Google Pixel 4a's old firmware is gone, trapping users on buggy battery update
What the “battery performance” update actually does
- Update released for Pixel 4a ~1.5 years after official EOL; branded as a “battery performance” or “battery optimization” update.
- Many users report dramatic effective battery loss (e.g., from days to hours, or 100%→0% in under an hour) and much slower charging.
- Technical digging (kernel image changes, coulomb-count measurements) suggests it doesn’t increase drain, but hard-limits charge voltage/usable capacity and charge rate for specific battery batches.
- Reverse‑engineering and Google’s own FAQ indicate only some devices (“Impacted Devices”) are targeted, likely those with a specific battery model thought to be unsafe at full capacity.
Safety rationale vs. planned obsolescence
- One camp believes Google is preempting a Note‑7‑style overheating/swelling risk and silently capping batteries for safety.
- Another camp reads this as deliberate, anti‑consumer obsolescence: EOL device, vague wording, no clear safety admission, and a coincident Pixel price hike make it feel like a push to buy new phones.
- Several point out that if it is a safety issue, Google should say so explicitly; the current messaging (“optimization”, “may reduce capacity”) is seen as evasive.

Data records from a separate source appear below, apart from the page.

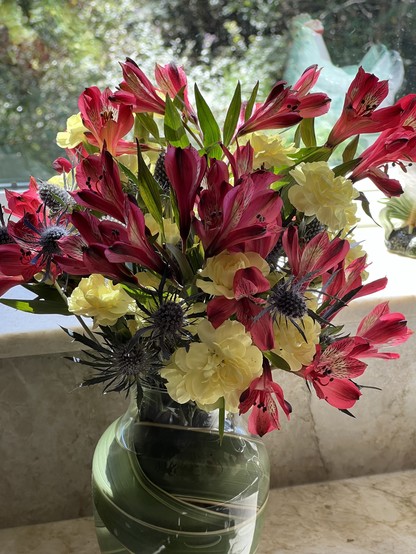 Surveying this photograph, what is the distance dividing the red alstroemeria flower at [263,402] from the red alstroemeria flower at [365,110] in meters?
0.20

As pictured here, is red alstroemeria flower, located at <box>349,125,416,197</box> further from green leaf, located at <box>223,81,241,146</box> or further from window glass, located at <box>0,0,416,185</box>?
window glass, located at <box>0,0,416,185</box>

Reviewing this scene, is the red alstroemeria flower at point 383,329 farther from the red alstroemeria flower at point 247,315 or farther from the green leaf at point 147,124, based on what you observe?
the green leaf at point 147,124

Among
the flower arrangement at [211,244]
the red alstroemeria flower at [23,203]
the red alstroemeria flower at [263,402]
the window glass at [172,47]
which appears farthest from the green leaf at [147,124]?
the window glass at [172,47]

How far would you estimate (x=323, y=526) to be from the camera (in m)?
0.96

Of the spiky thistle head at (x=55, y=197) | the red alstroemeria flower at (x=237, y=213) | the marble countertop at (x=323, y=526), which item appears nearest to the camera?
the red alstroemeria flower at (x=237, y=213)

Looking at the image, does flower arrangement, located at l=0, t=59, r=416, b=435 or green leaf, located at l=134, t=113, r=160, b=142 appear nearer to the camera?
flower arrangement, located at l=0, t=59, r=416, b=435

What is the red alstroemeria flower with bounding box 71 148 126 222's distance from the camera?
570 mm

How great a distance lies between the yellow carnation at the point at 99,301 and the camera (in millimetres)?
591

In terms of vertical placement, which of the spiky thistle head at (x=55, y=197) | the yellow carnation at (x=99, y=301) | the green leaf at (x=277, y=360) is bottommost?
the green leaf at (x=277, y=360)

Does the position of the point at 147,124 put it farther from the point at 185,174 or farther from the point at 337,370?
the point at 337,370

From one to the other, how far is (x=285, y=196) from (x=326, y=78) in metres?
0.61

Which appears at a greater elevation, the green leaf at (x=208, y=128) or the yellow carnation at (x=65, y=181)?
the green leaf at (x=208, y=128)

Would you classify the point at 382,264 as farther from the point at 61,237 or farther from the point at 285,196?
the point at 61,237

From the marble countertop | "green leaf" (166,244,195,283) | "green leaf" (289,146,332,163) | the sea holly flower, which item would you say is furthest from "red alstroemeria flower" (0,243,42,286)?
the marble countertop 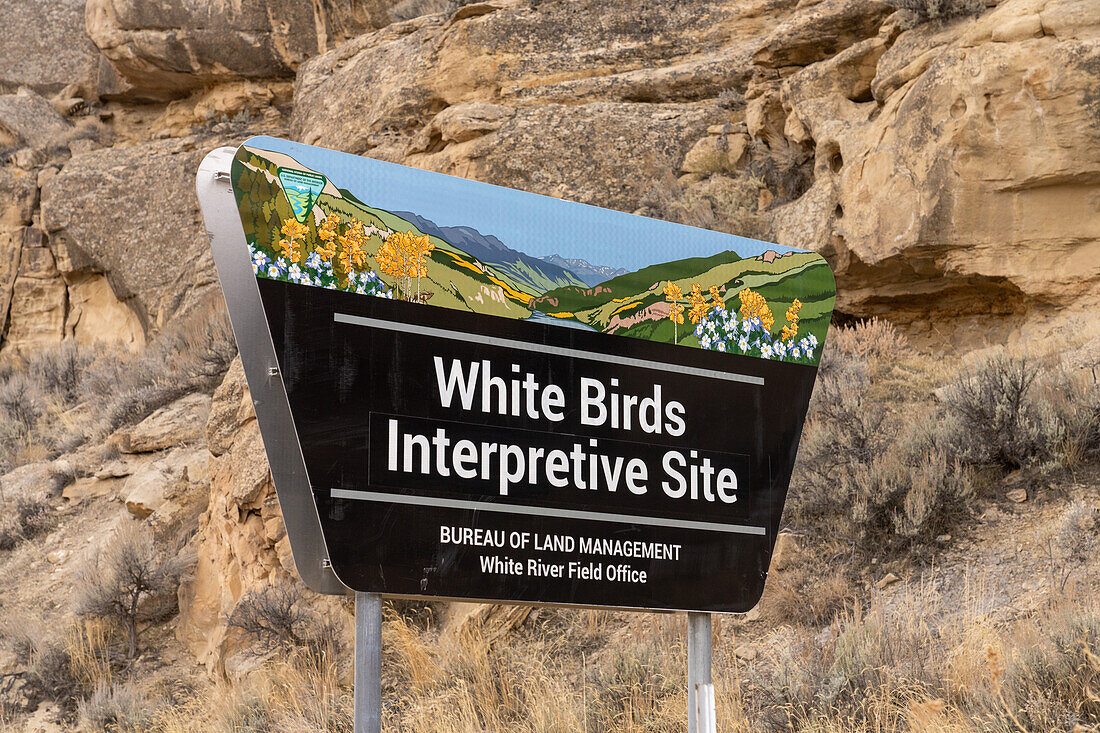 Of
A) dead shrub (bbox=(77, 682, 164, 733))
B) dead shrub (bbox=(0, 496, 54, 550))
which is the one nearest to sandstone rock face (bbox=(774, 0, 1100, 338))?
dead shrub (bbox=(77, 682, 164, 733))

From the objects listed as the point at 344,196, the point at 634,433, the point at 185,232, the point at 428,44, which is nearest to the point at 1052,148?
the point at 634,433

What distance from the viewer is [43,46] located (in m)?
20.5

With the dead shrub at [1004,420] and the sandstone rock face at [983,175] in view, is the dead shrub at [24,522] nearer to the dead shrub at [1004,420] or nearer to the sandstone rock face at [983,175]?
the sandstone rock face at [983,175]

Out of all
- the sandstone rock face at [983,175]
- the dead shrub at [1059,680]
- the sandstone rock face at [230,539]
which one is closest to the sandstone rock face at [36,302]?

User experience and compensation problems
- Real‑world impact ranges from “no change” to “phone unusable for work or travel.”
- Official remedies: free battery replacement at limited walk‑in/mail‑in locations, $50 cash, or $100 Google Store credit.
- Thread reports: slow or no response on credit, awkward terms (e.g., cash handled by a third‑party service with fees), overwhelmed repair shops, risk of breaking the non‑modular screen during replacement, and some regions effectively excluded.
- A few users say a free battery swap restored normal behavior; others were told a new battery may not help because the restriction is in software.
Rollback, custom ROMs, and firmware removal
- Google removed older factory images for the 4a (“sunfish”), preventing standard downgrades; this is seen as especially suspicious given other models still have old images.
- Some users with unlocked bootloaders manage to revert or switch to LineageOS / GrapheneOS / CalyxOS; others find this too complex or risky.
- There’s confusion whether third‑party ROMs will ship the new firmware and whether they mitigate or keep the cap.
Security, trust in updates, and ecosystem comparisons
- Side discussion: 4a stopped getting security updates in Aug 2023; some argue this already made it a risky daily driver, citing recent Bluetooth RCE CVEs. Others say “no updates” isn’t automatically dangerous and criticize exaggeration in security bulletins.
- Incidents like this, plus past buggy Pixel updates, reinforce a “if it works don’t update” mindset, particularly among less technical users.
- Many commenters say this episode pushes them away from Pixels entirely, often toward iPhones or Fairphone, despite Apple’s own “batterygate” history.
- Broader concerns raised: right‑to‑repair, forced/opaque updates as de facto property damage, disappearance of small phones and headphone jacks, and Google’s perceived indifference to long‑term device stewardship.